Education for children of the 1600s was very different from modern education. There had been a time during Pascal's youth when his father had forbidden him to study mathematics and physics. Pascal's father even went so far as to lock up all the books to keep them away from his son. It seemed as though his father was embarrassed or worried that he would get in trouble for doing mathematics.
Pascal showed that he was capable of learning mathematics, such as infinitesimal calculus, on his own. This made his father realize that Pascal had a special talent for the subject. Thankfully, his father then allowed him access to all books, and Pascal blossomed in his studies. He even wrote an original treatise on conic sections at the age of 16.
Pascal not only had a natural ability to understand mathematics, but he also was an inventor. His father was a bookkeeper, which meant doing computations by hand. It was quite easy to make a simple mistake while adding and subtracting long columns of numbers. Pascal ultimately created a device that could do addition and subtraction of multiple numbers. Pascal's adding and subtracting device is considered the first calculator—more than 300 years before the modern calculator became more compact and much more sophisticated in its capabilities.

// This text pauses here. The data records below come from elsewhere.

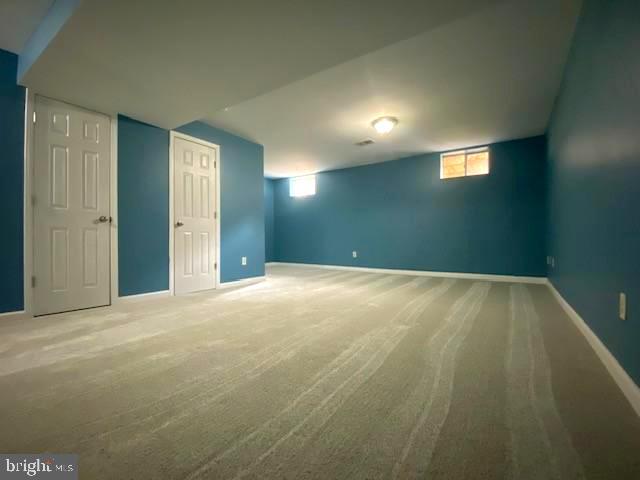 LAUREL RIDGE - Residential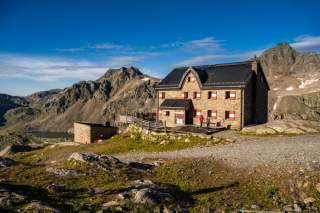 Berghütte im Sonnenschein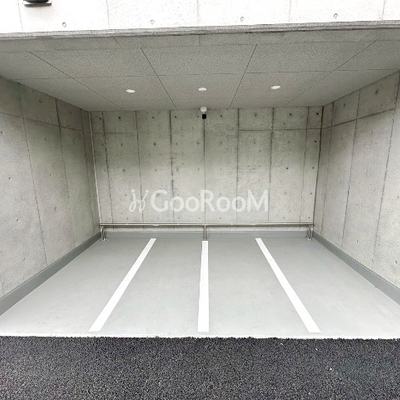 
						ロイジェントパークス西馬込 バイク置場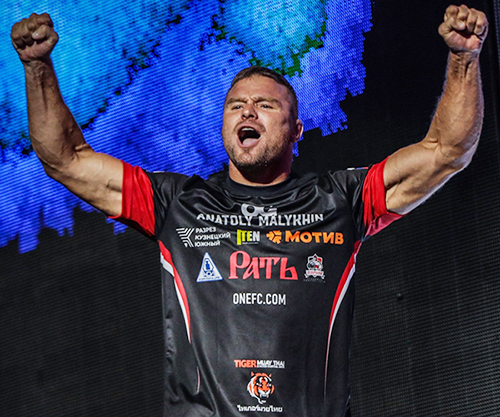 Малыхин нокаутировал де Риддера и стал чемпионом ONE Championship (видео)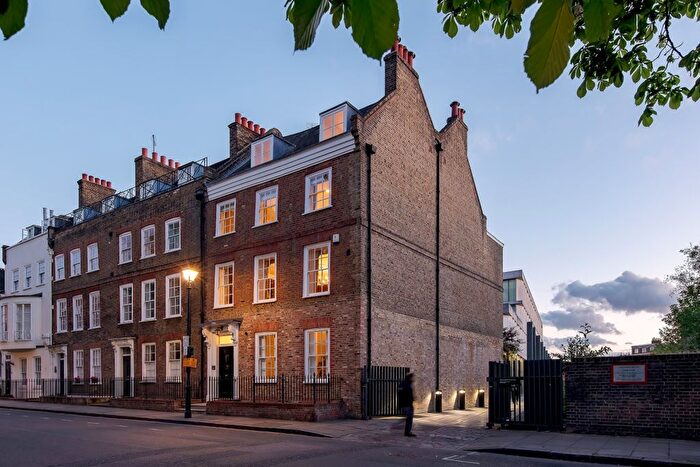 5 Bedroom End Of Terrace House For Sale In King William Walk, London, SE10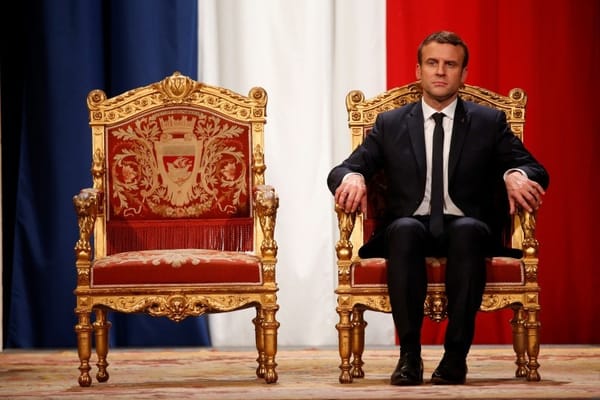 Macron, le Roi-Soleil en devenir : 2032, la guerre et la passivité française, un scandale vu du monde entier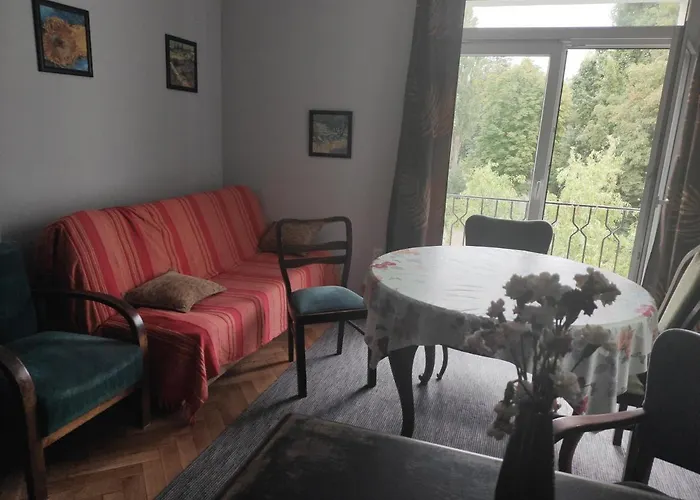 Apartament Stary Mokotów Blisko Metra Nie Ma Wynajmu Długoterminowego Najdłuższy To 2 Tygodnie *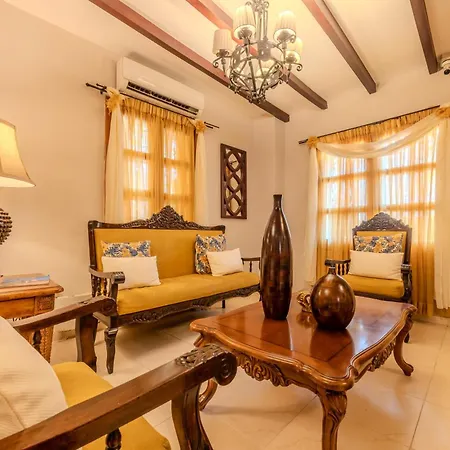 Dorado Plaza Boutique Calle Del Arsenal Hotel 4*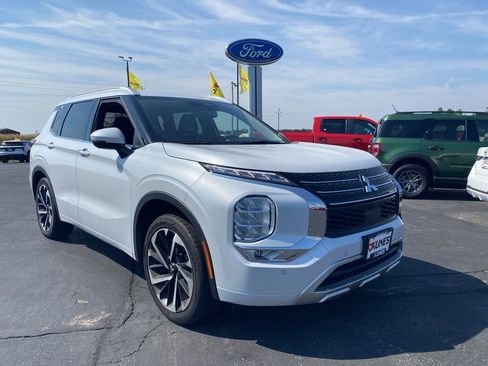 Used 2023 Mitsubishi Outlander SEL image 2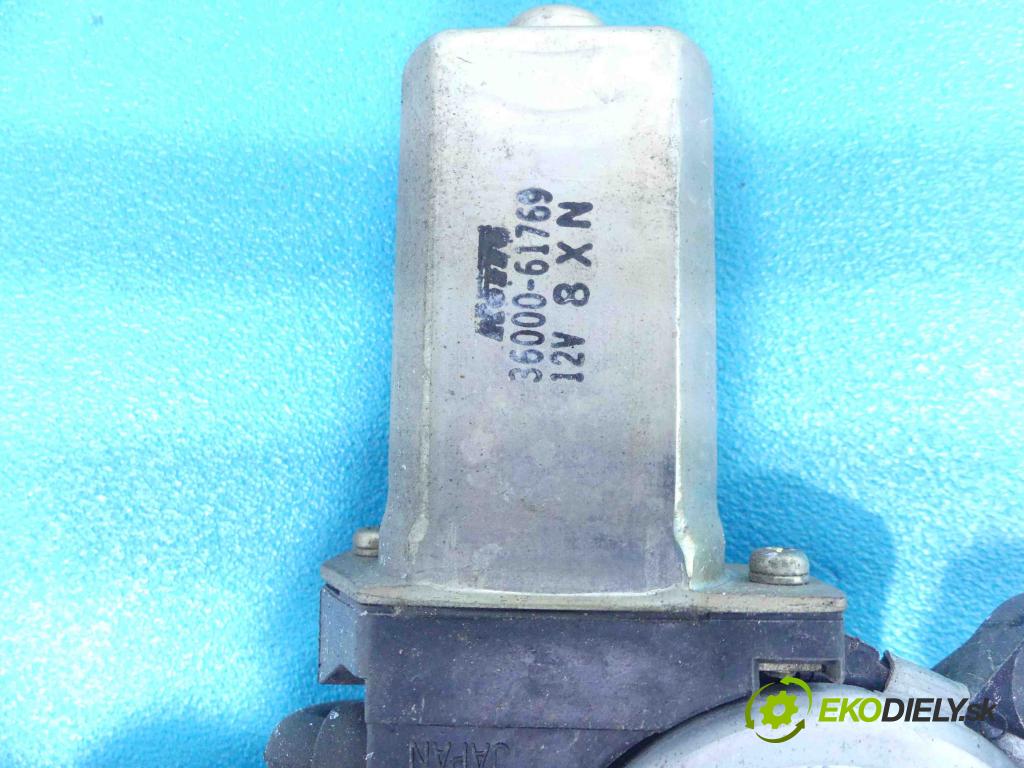 Mazda Demio 1.3 16v 72 hp manual 53 kW 1324 cm3 5- mechanismus stahování přední levý 36000-61769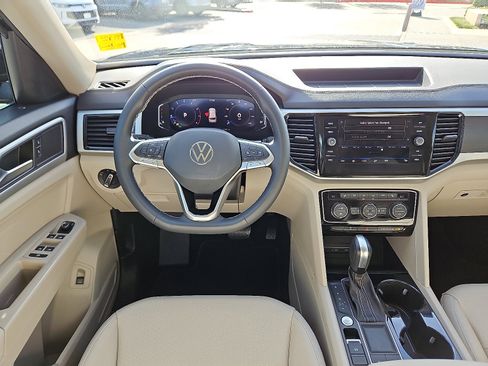 Certified 2023 Volkswagen Atlas SE w/ Panoramic Sunroof Package image 8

Pascal was also partly responsible for discovering the field of mathematics known as probability theory. He had a friend who was a professional gambler. Pascal's friend could not understand why he was losing when he felt he had a good chance of winning. With the help of another French mathematician, Pierre de Fermat (1601–1665), Pascal studied the probability of dice-throwing and other such games of chance. Ultimately this work on probability led to a treatise on binomial coefficients, the table of which is now known as Pascal's triangle.
Pascal died at the age of 39, but he left behind quite a legacy of knowledge in geometry, probability, physics, calculus, and a number of inventions, including the syringe and the hydraulic press. After his death, his sister found boxes and drawers full of scraps of paper with Pascal's writing on them. She published the papers posthumously and titled the collection Pensées (1670), meaning thoughts. Every student should be familiar with at least one quotation from the work: "When we read too fast or too slowly, we understand nothing."